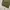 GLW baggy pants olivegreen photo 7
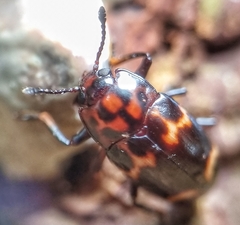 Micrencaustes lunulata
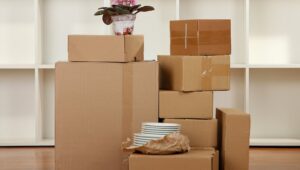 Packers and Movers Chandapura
=-=-=-=-=
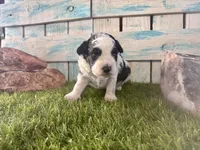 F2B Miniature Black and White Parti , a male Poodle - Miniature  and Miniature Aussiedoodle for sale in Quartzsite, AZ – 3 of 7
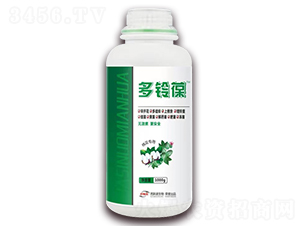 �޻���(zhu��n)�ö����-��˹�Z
=-=-=-=-=
**PROBLEM DESCRIPTION**
Reproduce the entries exactly, from the line with "Micrencaustes lunulata" to the line with "Packers and Movers Chandapura", both lines included, keeping no pictures.

**SOLUTION FOR THIS TASK**
 Micrencaustes lunulata
 Packers and Movers Chandapura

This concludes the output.